I want to share lessons I’ve learned from over a decade in the field–specifically in Texas.

First: Texas will not regulate this industry. I’ve made well over 200 complaints with video evidence of pollution and the TCEQ has provided more cover for the industry than enforcement.

Second: Texas leaders are ideologically defiant and have vowed to fight back against any attempts to regulate oil and gas. The EPA must rescind Texas’s implementation of the Clean Air Act if there is any hope for methane rules to be successful.

Third–and this is very important–the industry’s solutions to methane emissions do not reliably prevent emissions.

They cannot keep flares lit. Even when the flare has auto-relight, I find them unlit and blasting methane. In 2017, 14% of the sites I visited had unlit flares. By the first quarter of 2020, that number was 34%. The problem is not just mechanical failures. Sometimes flares are intentionally left unlit.
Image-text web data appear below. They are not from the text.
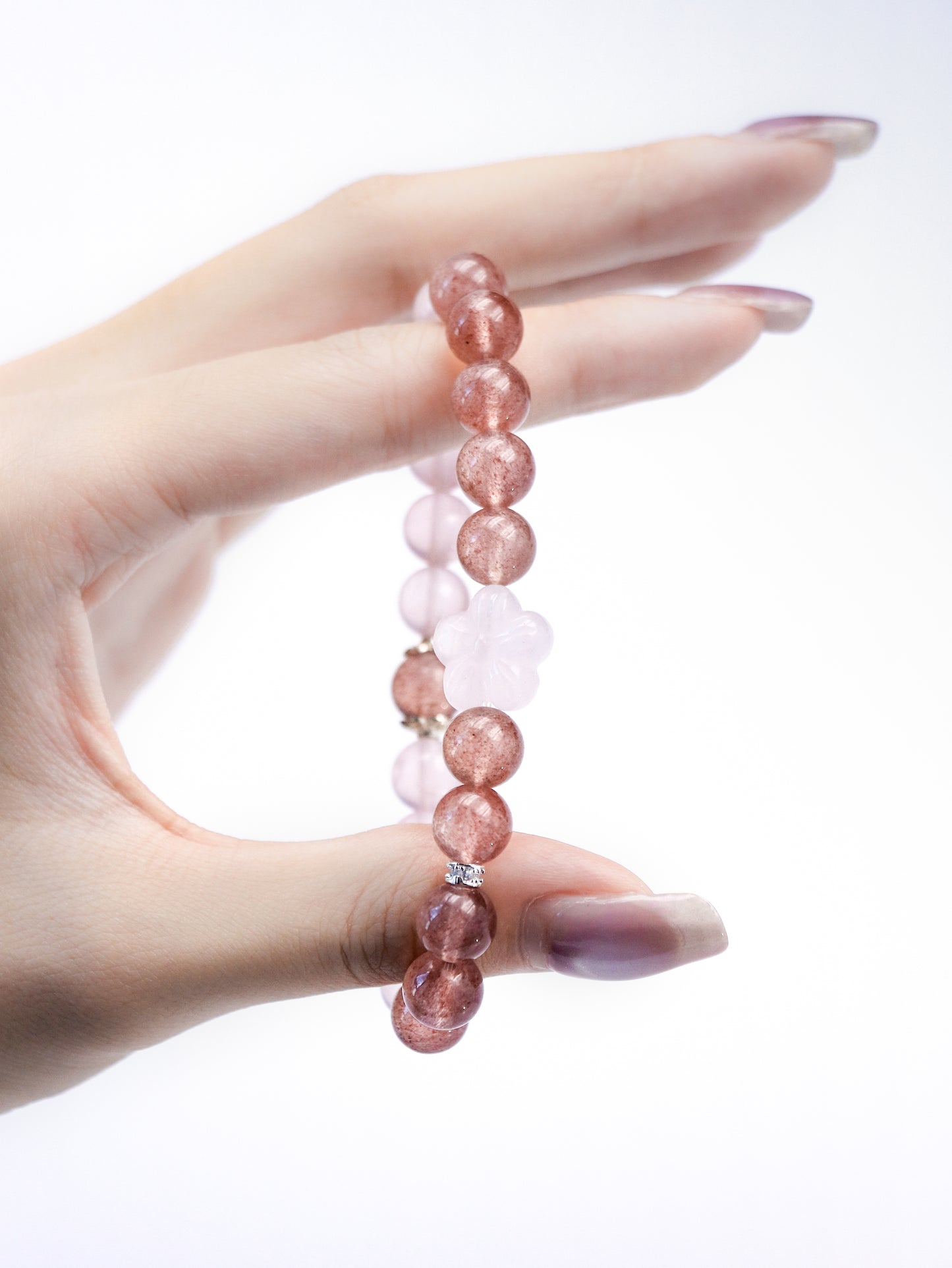 Strawberry Quartz & Rose Quartz Bracelet – Fire-Earth Harmony for Love & Healing
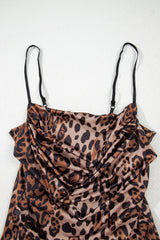 Brown Spaghetti Straps Ruched Leopard Bodysuit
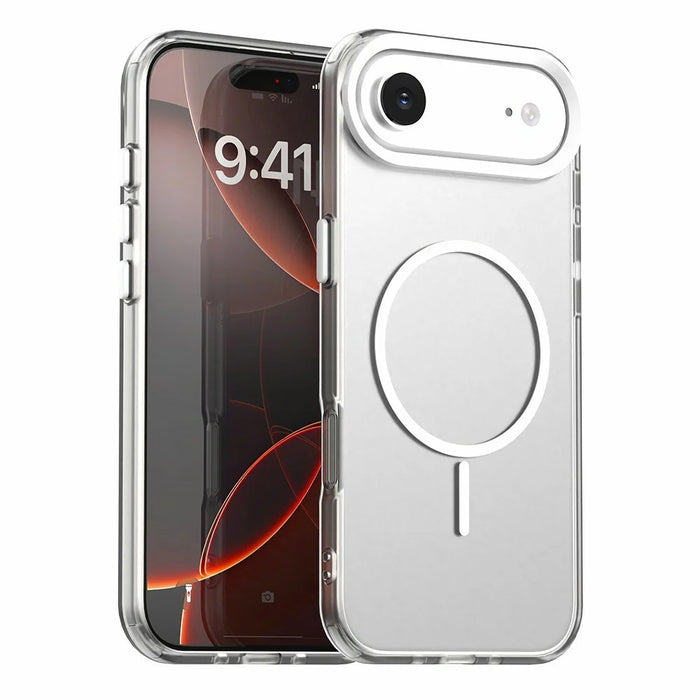For iPhone Air Magnetic Case PC + TPU + PET Air Cushion Shockproof Phone Cover - White - 1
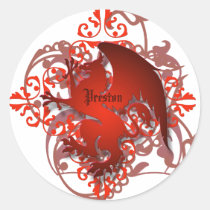 Urban Fantasy Red Griffin Add Name Stickers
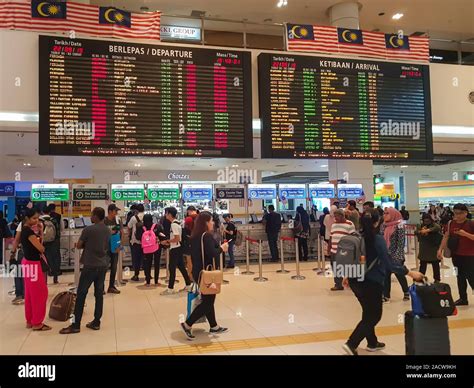 TBS bus station departure and arrival board in Kuala Lumpur Malaysia ...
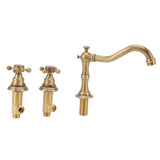 Double Handle Faucet Copper Leakproof Corrosion Resistant Beautiful G1/2 Thread Three Hole Bathroom V1294-YM0715-3112220048611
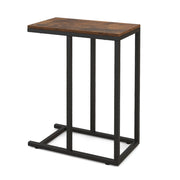 Tavolino a forma di C per divano e letto, Tavolino da soggiorno altezza 64cm con struttura in metallo Marrone Rustico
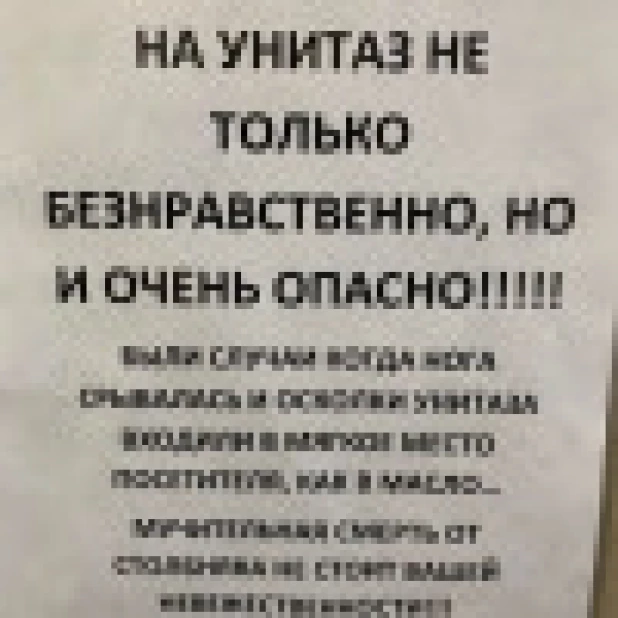 Объявление в туалете отделения полиции в Красноярске.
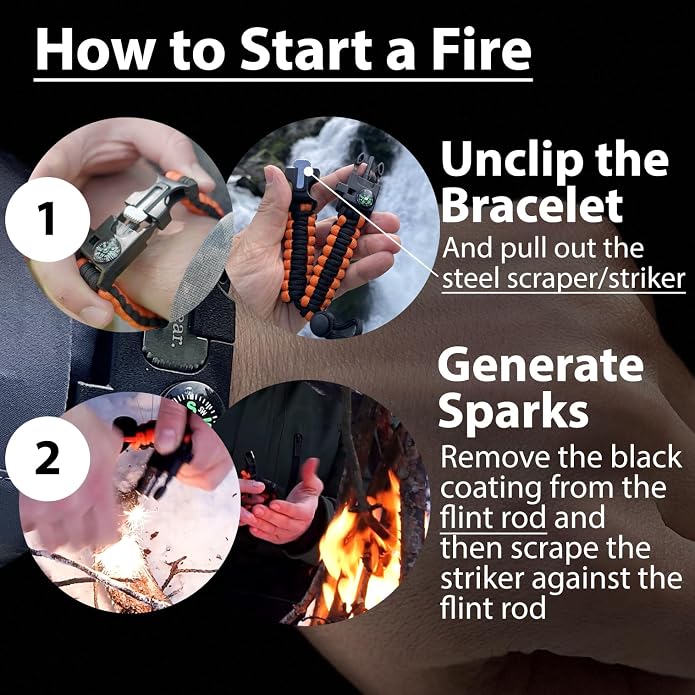 aZengear Paracord Survival Bracelet | Flint Steel Fire Starter, Mini Saw | - Image 4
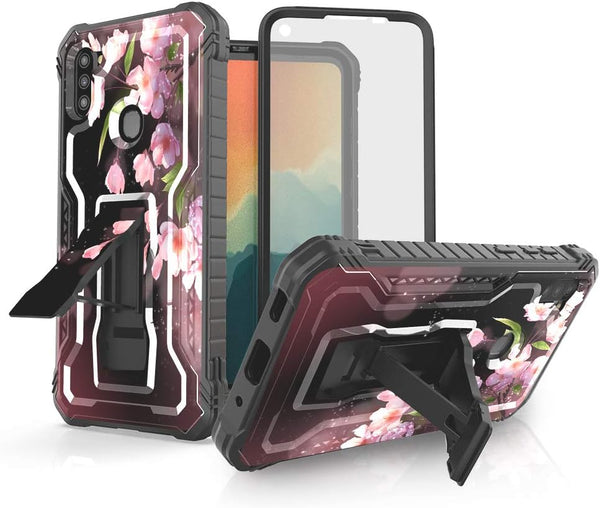 FITO Durable Shockproof Case for Samsung Galaxy A11, with Screen Protector and Built-in Kickstand, Pink Flowers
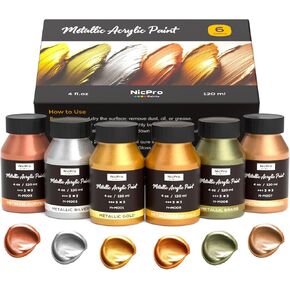 Nicpro Acrylic Paint Metallic, 3 Colors Gold, Silver, Copper 8.45oz/250ml Gold Leaf Paint, Non Toxic, Non Fading for Art Painting, Handcrafts, Ideal for Multi-surface, Canvas, Wood, Clay, Metal in Kuwait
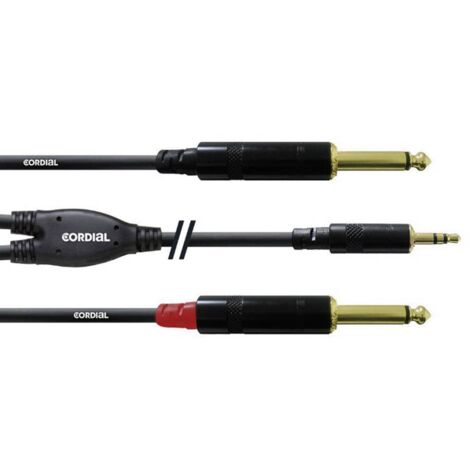 Cordial CFY3WPP Audio Cavo adattatore [1x Spina jack da 3.5 mm - 2x Spina jack da 6.3 mm] 3.00 m Nero (1/2)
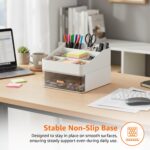 Amazon Basics 6-Compartment Desk Organiser with Drawer | 19.8 × 23 × 7.5 cm | White |Plastic | Desktop Storage for Stationery & Gadgets | Pack of 2 - Image 5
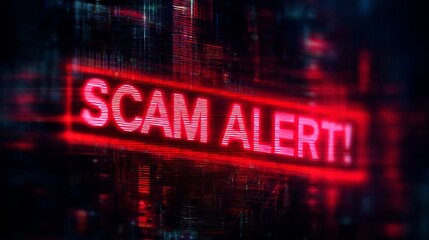 A vivid digital display showing a 'SCAM ALERT!' message in bright red against a dark, abstract background.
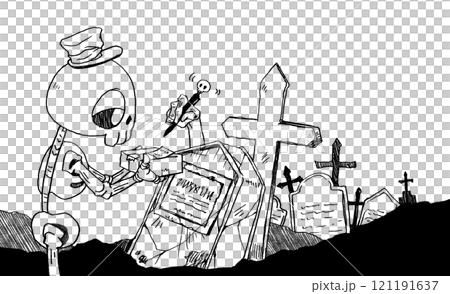 荷物を配達するガイコツの配達員イラストの線画 121191637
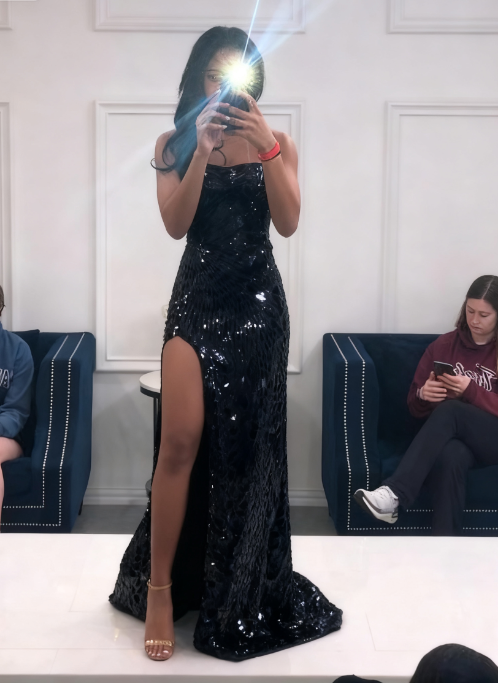 Long Spaghetti Straps Mermaid Slit Prom Dresses, Long Prom Dresses SH389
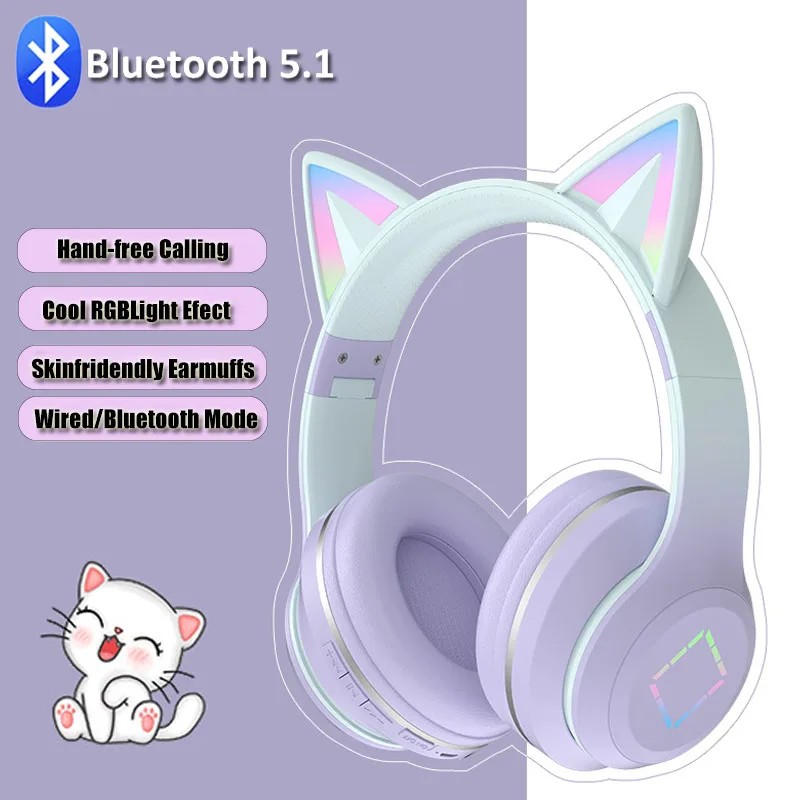 

Мигающий светодиодный наушники с милыми кошачьими ушками Bluetooth 5.1 беспроводная стерео гарнитура с микрофоном складные проводные наушники д...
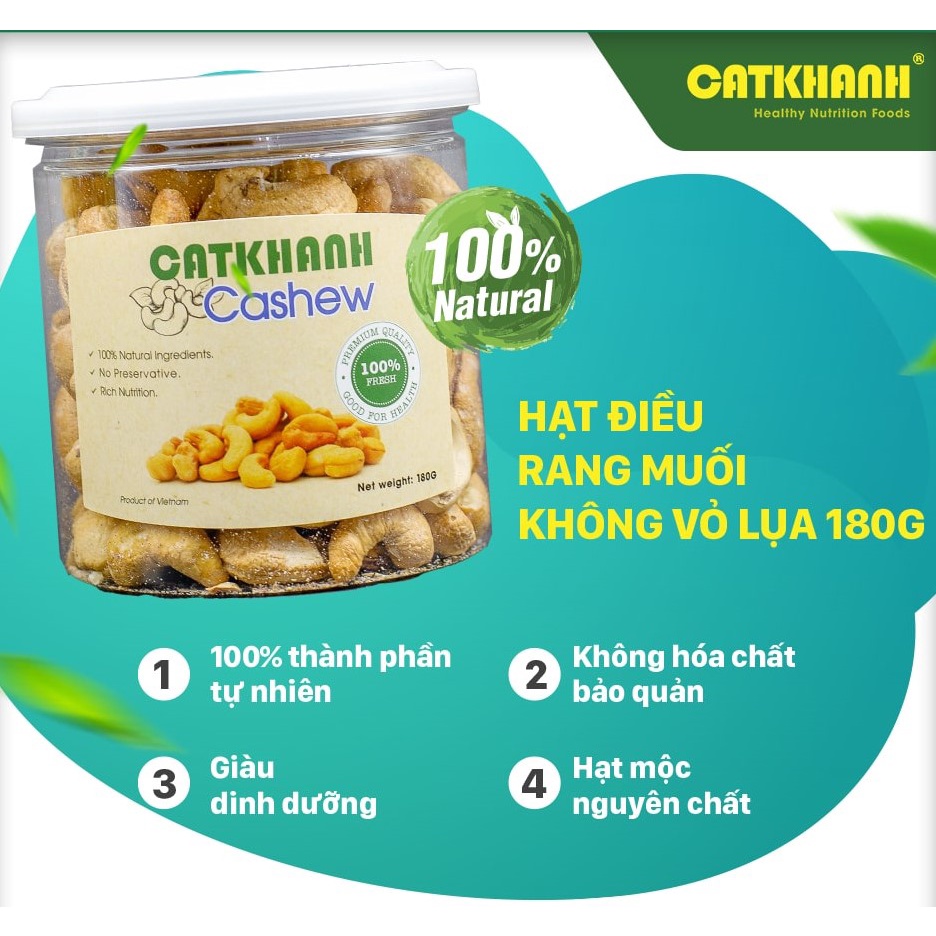 Hạt điều rang muối không vỏ lụa 180g
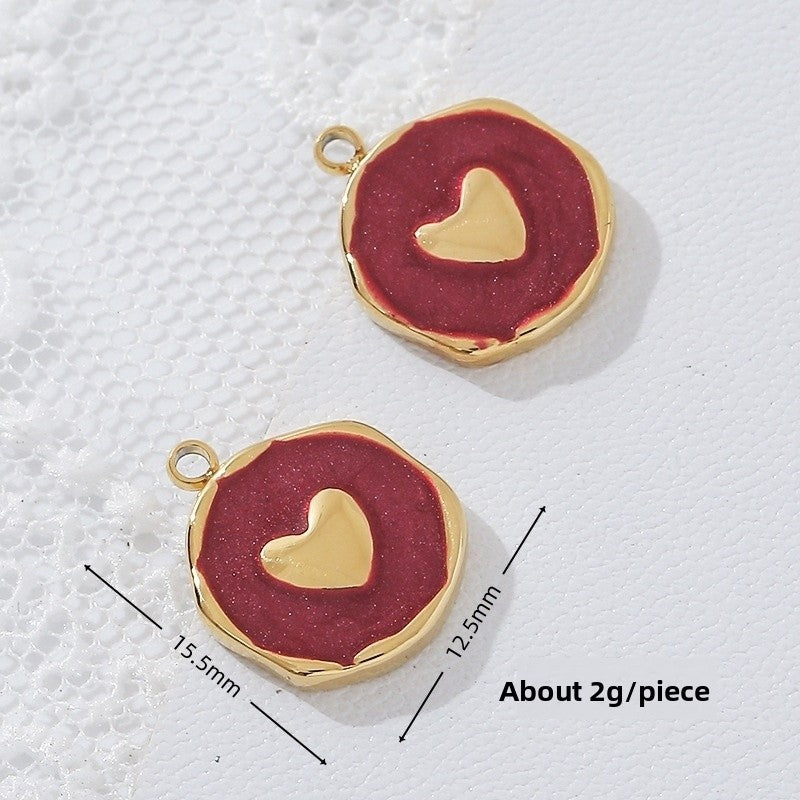 Heart Shape Pendant Made Of Titanium Steel Featuring Electroplated 18K Real Gold Plating In A Cute Style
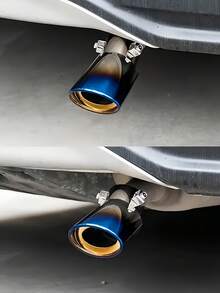 Universal Car Exhaust Tail Pipe Tip Stainless Steel Muffler Accessory SUV Truck Custom Fit Upgrade Easy Installation Vehicle Modification Enhancement - Multicolor - View 5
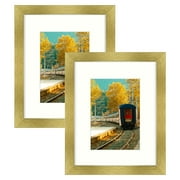 Golden State Art, 8x10 Picture Frame In Gold, Display 5x7 with Mat or 8x10 without Mat, Tabletop Display And Wall Gallery Display, 2 Pack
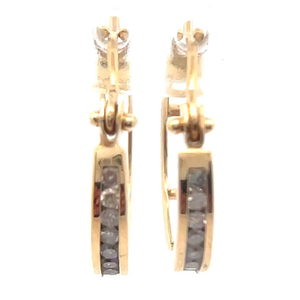 lot 32B image: 0.10 Carat Natural Diamond Channel Small Hoop Earrings in Yellow Gold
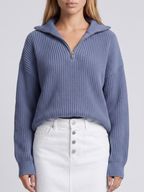 Isla Half-Zip Ribbed Knit Jumper with Funnel Collar, Cosy Winter Knit - view 8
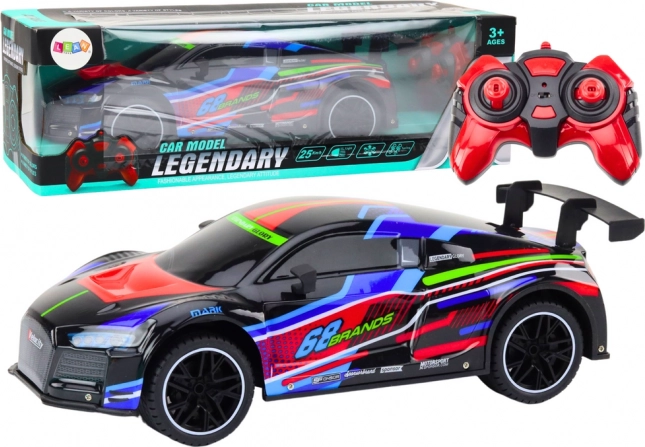 RC sportsvogn 1:10 med LED-lys, hastighed 25 km/t, sort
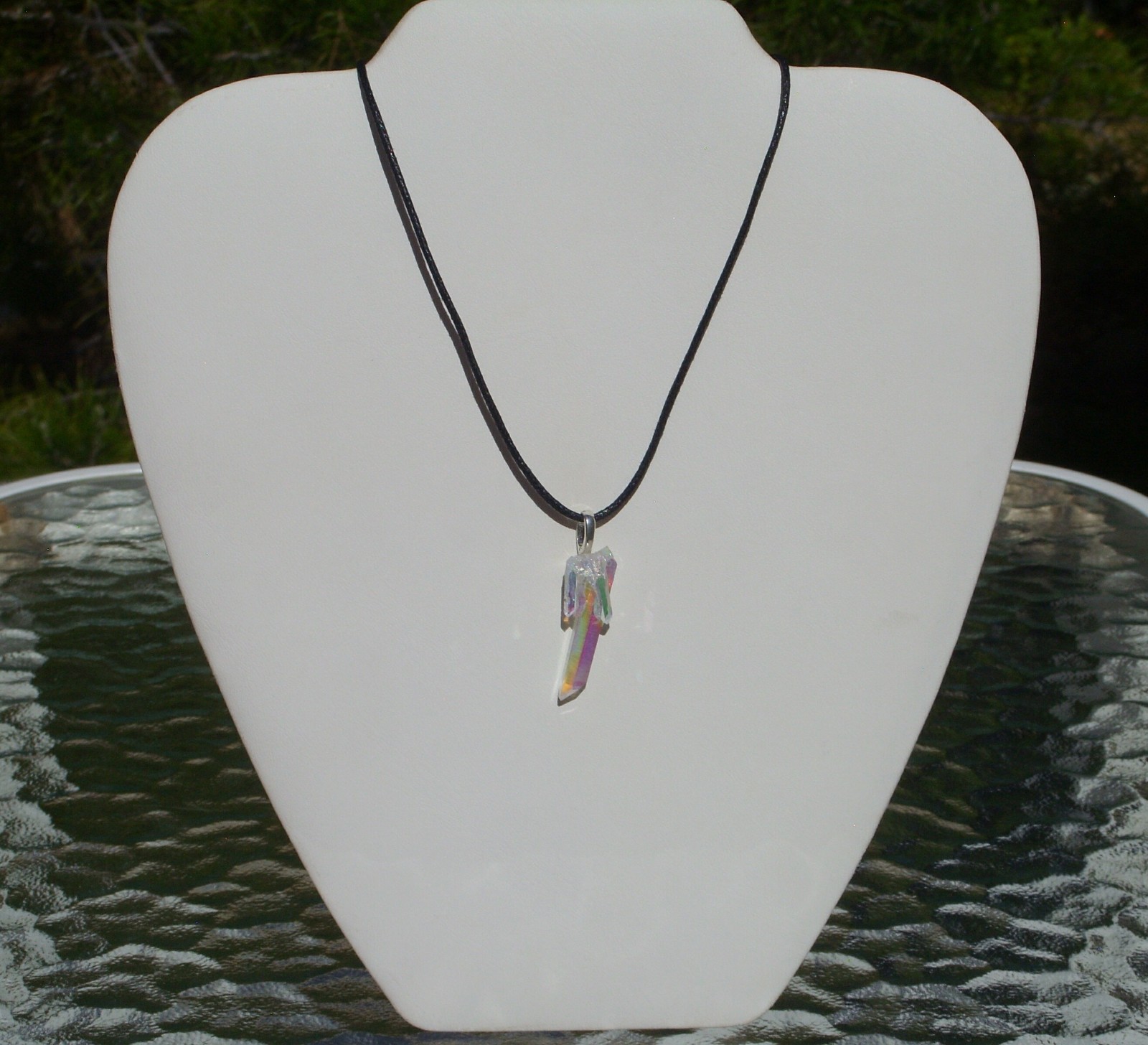 Angel Aura Quartz Twinned Point Crystal Cluster Stone Pendant Necklace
Vapor Recovery Systems malfunction frequently. They are dependent on reliable electricity and or proper flare operation. Without those there’s no vapor recovery. But we find vapor recovery malfunctions for many other reasons.

Workers open tank hatches to take measurements and samples. This process called “thieving” allows intense pollution from tanks to escape for about 45 minutes each time it occurs, which may be a dozen times a day. At least nineteen men have died while thieving. Nearby neighbors and the climate have suffered. This process defeats the purpose of vapor recovery.

American Petroleum Institute recommends Standard 21 to prevent opening tank hatches. The industry only follows Standard 21 where it’s mandated. A Federally mandated Standard would protect our climate and nearby neighborhoods and save workers’ lives.

Pressure releases are required, are permitted, and are baked into the design of oil and gas equipment. Even if these releases are reduced, the continued expansion of oil and gas guarantees methane levels will continue to rise.

Oil and gas has never been adequately regulated. Since 2005 when the fracking boom started, the industry has expanded everywhere and there are well over 250,000 wells just in Texas. Adequate regulation, if that’s even possible, will require an army.

We need solutions that rise to meet the emergency created by oil and gas.